= Given records =
^^^^^^^^^^^^^^^^
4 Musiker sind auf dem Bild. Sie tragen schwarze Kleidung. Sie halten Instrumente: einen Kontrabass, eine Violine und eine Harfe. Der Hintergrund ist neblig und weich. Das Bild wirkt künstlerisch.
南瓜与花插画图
^^^^^^^^^^^^^^^^
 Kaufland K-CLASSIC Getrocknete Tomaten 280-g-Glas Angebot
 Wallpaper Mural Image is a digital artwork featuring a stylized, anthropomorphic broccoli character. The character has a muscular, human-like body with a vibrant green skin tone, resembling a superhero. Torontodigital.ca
^^^^^^^^^^^^^^^^
= Task item =
Reproduce exactly the lines of the records above from the one with "Kaufland K-CLASSIC Getrocknete" to the one with "Wallpaper Mural Image", both included, and leave out everything else.

= Written answer =
 Kaufland K-CLASSIC Getrocknete Tomaten 280-g-Glas Angebot
 Wallpaper Mural Image is a digital artwork featuring a stylized, anthropomorphic broccoli character. The character has a muscular, human-like body with a vibrant green skin tone, resembling a superhero. Torontodigital.ca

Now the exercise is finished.